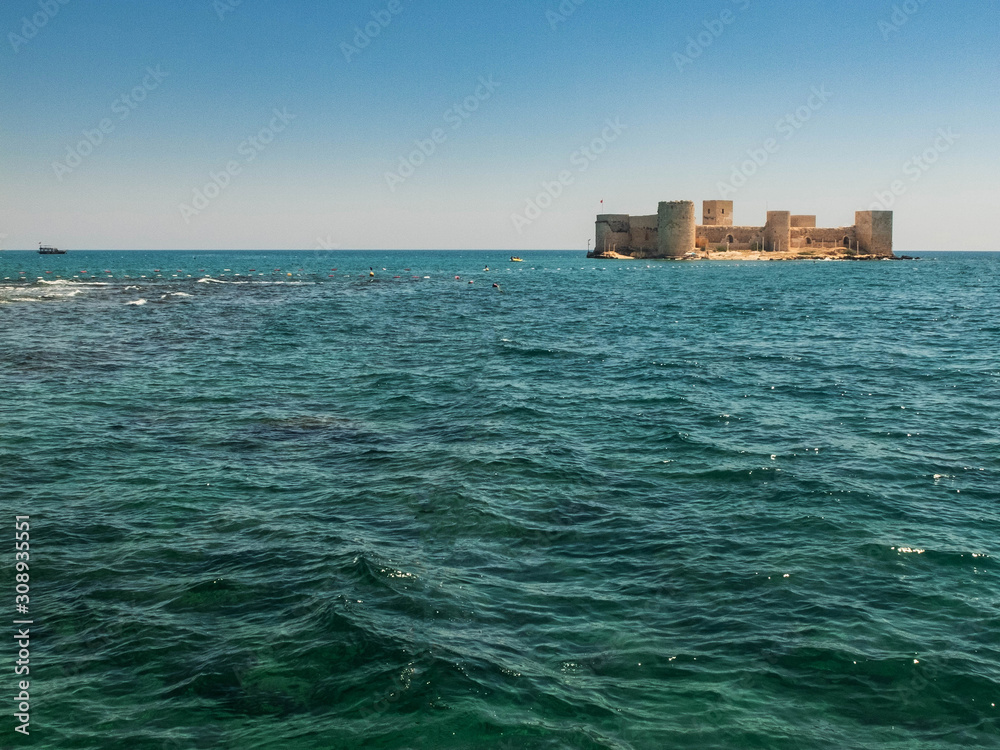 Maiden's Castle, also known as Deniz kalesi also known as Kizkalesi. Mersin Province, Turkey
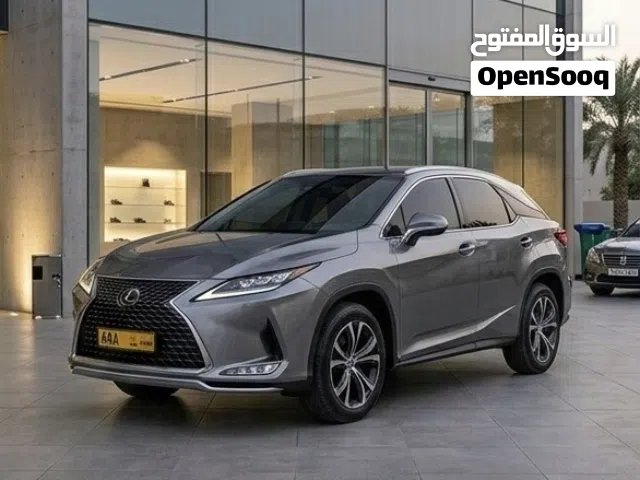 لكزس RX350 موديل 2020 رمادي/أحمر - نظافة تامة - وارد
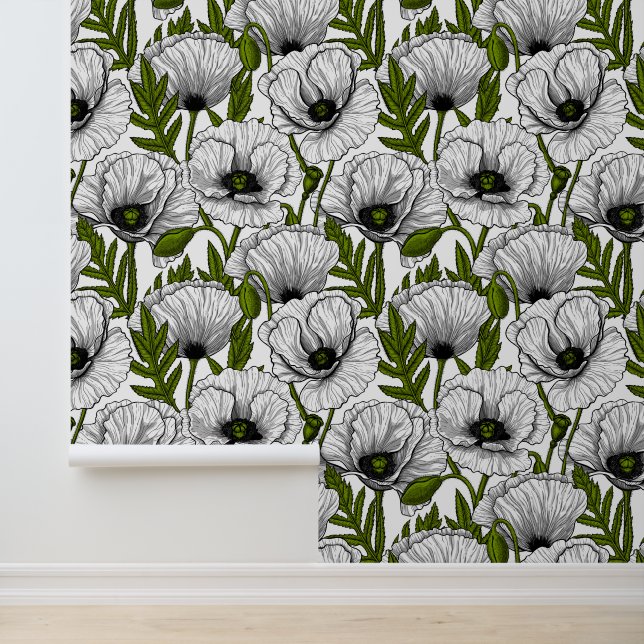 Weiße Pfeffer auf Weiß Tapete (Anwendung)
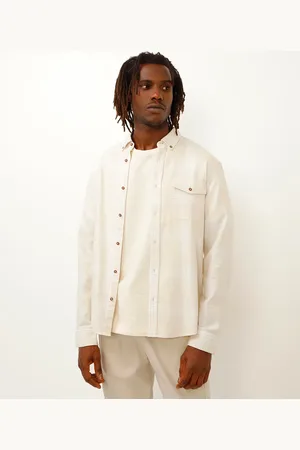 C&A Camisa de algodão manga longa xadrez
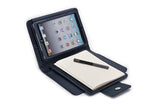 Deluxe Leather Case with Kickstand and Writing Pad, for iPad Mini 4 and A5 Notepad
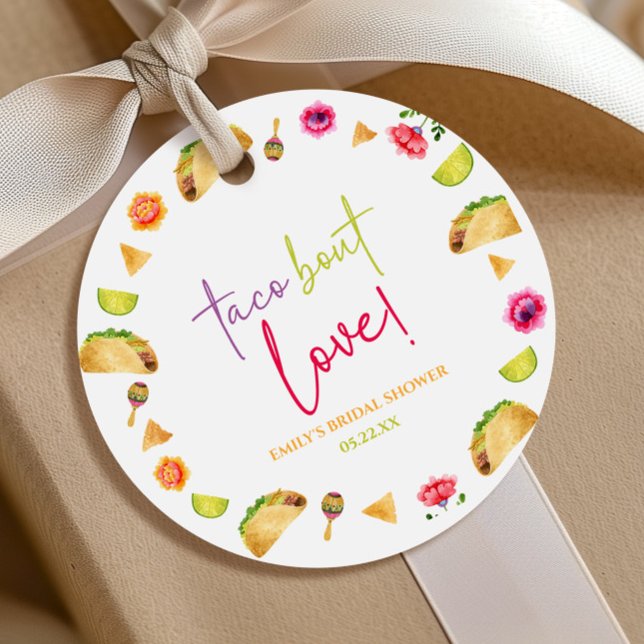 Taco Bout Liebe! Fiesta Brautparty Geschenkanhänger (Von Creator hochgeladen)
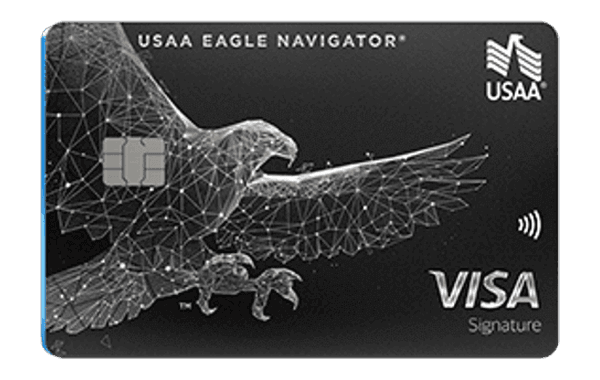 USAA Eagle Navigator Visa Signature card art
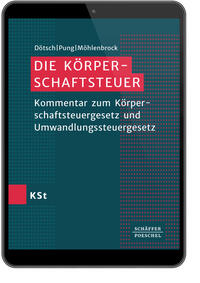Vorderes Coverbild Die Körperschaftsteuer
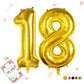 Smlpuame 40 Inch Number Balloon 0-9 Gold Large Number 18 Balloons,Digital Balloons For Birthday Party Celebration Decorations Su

---

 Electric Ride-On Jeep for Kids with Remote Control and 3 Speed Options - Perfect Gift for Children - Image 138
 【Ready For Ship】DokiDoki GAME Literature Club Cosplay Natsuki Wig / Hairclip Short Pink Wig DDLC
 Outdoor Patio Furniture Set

---

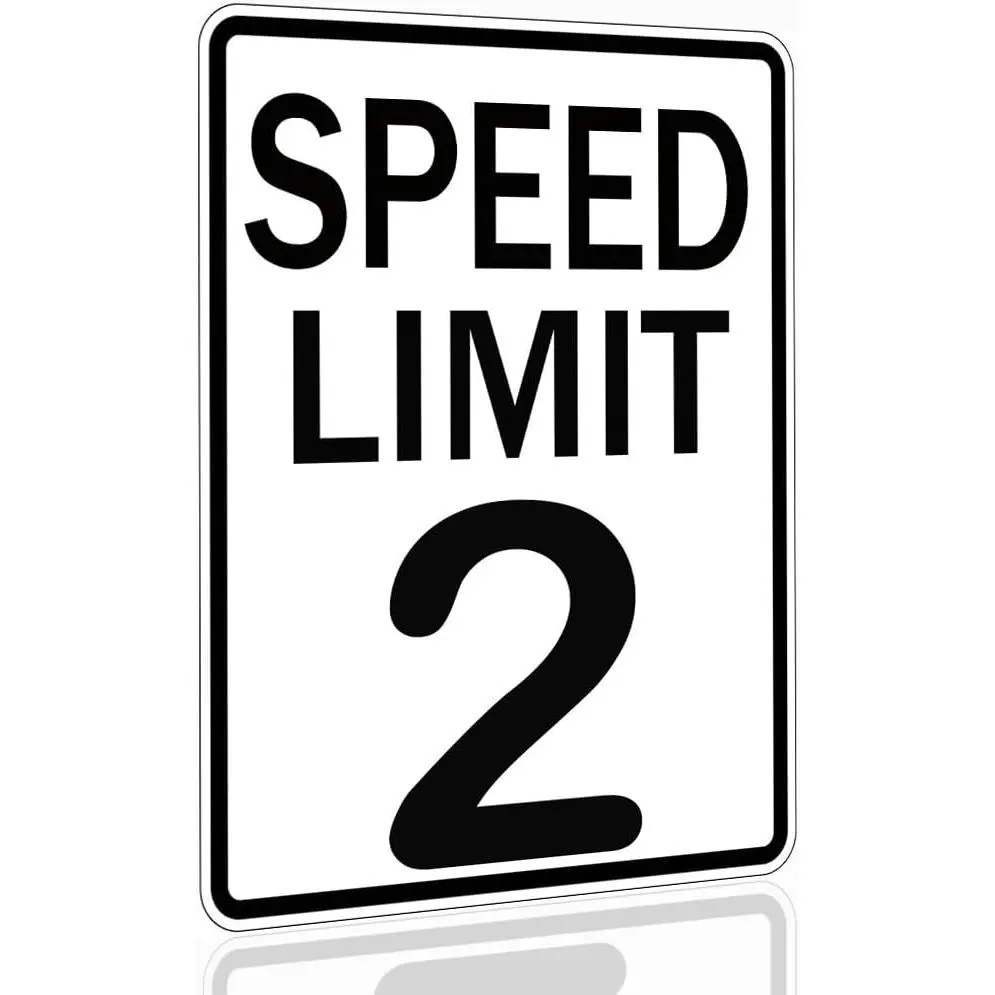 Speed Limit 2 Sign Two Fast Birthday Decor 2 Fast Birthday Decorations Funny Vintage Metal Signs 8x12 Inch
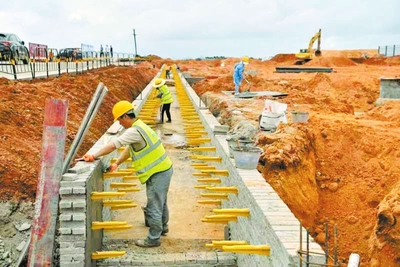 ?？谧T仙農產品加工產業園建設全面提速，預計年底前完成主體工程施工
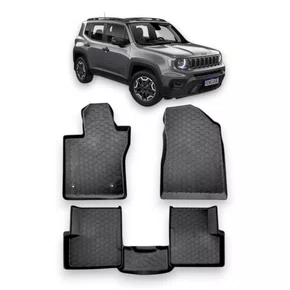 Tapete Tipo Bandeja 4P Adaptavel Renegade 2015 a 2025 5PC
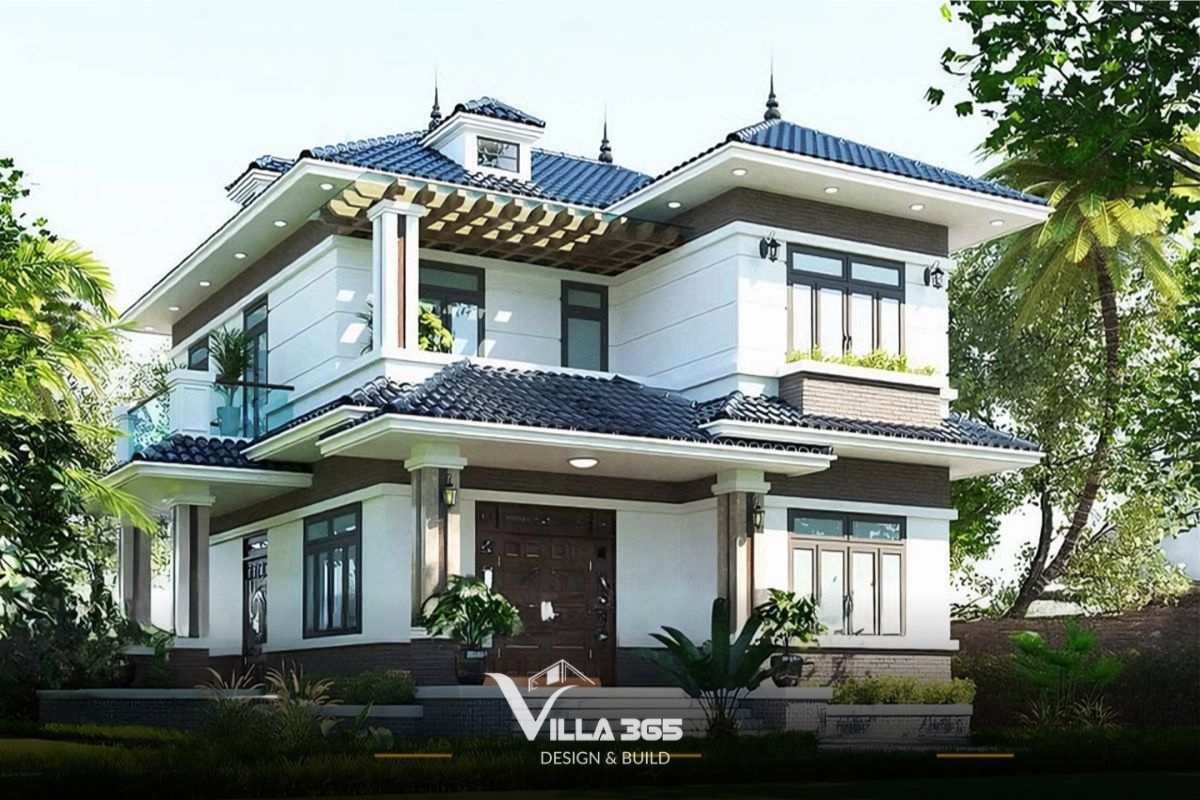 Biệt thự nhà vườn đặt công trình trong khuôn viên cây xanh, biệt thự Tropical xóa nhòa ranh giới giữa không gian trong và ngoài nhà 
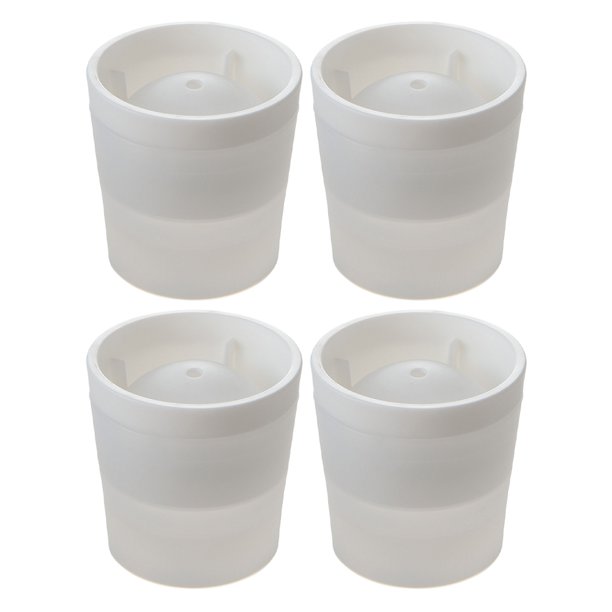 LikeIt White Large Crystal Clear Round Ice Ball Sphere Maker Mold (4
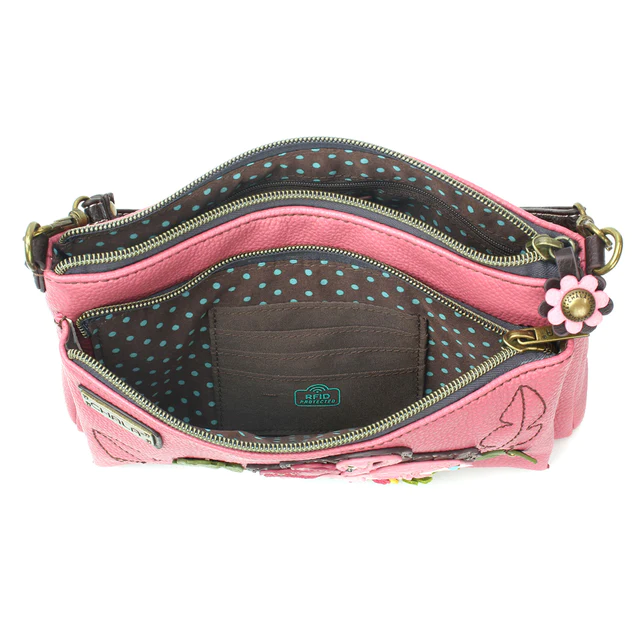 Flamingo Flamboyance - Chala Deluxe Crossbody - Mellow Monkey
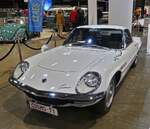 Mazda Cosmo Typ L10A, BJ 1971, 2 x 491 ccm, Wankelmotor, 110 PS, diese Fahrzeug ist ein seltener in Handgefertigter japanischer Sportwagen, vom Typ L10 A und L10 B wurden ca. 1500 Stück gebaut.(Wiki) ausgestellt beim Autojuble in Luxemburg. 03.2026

Your assignment:
In the records above, find the line with "Weiße Pfeffer auf Weiß Tapete (Anwendung)" and the line with "USAA Eagle Navigator Visa Signature card art"; please transcribe exactly those two lines and all lines between them, omitting any picture.

Exercise response:
 Weiße Pfeffer auf Weiß Tapete (Anwendung)
 C&A Camisa de algodão manga longa xadrez
 Deluxe Leather Case with Kickstand and Writing Pad, for iPad Mini 4 and A5 Notepad
 Taco Bout Liebe! Fiesta Brautparty Geschenkanhänger (Von Creator hochgeladen)
 USAA Eagle Navigator Visa Signature card art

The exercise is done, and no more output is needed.